Therefore, the embodiment prevents detection error of a torque
detecting value caused by the rattle of input shaft 7.
[0034] The second bearing member 19 includes a semi-circular
receiver 19a which rotatably supports output shaft 8. The second
bearing member 19 is joined to first bearing member 10, forming a
bearing. The second bearing member 19 is formed with a ring fitting
groove 24 around which C-shaped ring member 23 having spring
properties is fitted. The second bearing member 19 is brought into
abutment against first bearing member 10. The ring member 23 is
fitted into respective ring fitting grooves 11 and 24. This forms
the bearing for rotatably supporting output shaft 8.

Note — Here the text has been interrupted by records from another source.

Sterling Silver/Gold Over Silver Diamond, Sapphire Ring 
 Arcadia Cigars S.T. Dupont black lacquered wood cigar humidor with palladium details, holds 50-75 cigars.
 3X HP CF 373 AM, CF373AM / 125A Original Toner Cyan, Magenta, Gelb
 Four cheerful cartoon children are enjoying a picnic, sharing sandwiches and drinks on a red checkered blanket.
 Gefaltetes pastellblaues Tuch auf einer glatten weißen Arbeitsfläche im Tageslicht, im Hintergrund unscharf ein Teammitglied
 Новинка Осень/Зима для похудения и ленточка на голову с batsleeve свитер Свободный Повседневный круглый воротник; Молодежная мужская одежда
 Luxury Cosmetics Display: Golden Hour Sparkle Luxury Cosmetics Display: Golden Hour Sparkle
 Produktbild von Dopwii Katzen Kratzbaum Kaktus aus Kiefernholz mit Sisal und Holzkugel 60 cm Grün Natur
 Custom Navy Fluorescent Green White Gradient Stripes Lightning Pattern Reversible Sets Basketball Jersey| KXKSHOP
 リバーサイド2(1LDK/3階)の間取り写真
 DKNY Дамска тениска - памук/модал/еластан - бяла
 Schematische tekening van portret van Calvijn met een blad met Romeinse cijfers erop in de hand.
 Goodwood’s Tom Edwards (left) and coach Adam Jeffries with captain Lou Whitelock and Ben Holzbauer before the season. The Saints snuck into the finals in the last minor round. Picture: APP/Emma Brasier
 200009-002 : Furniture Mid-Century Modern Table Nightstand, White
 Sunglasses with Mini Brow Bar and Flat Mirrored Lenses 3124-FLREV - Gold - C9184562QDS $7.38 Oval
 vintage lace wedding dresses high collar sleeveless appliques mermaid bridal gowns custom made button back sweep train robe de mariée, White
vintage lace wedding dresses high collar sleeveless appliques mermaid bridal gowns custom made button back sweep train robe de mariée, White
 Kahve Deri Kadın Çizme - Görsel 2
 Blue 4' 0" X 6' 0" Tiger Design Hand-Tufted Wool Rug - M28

[0035] The first bearing member 10 and second bearing member 19,
fixed to each other by ring member 23, is inserted into a bush 25
which is press-fitted into first case 4a and is fixed to first case
4a.
[0036] As shown in FIGS. 3 and 4, torque sensor 5 includes a sensor
body 26 which is provided at the opposite ends with input shaft 7
and output shaft 8. As described above, the input shaft 7 includes
flat surface portion 20 serving as a detent member which can be
fixed to select lever 3 without rattle. The output shaft 8 is
coaxial with input shaft 7 and is rotatably supported by the
bearing. The distal end of output shaft 8 is connected to
later-described power assistor 2 through a circular hole 27 formed
in first case 4a.
[0037] The sensor body 26 is provided at the opposite sides with
flat portions 28 for preventing torque sensor 5 from rotating
around the axis. As shown in FIG. 5, the flat portions 28 are
interposed between inner wall surfaces 29 formed inside first case
4a.
[0038] The interposition of flat portions 28 formed on sensor body
26 between the inner wall surfaces 29 of first case 4a prevents a
rotation rattle of torque sensor 5. The inner wall surfaces 29 of
first case 4a are provided with elastic rubber members 30 so that a
rattle is not caused due to poor working precision. The
interposition of sensor body 26 between rubber members 30 prevents
a value detected by torque sensor 5 from being varied.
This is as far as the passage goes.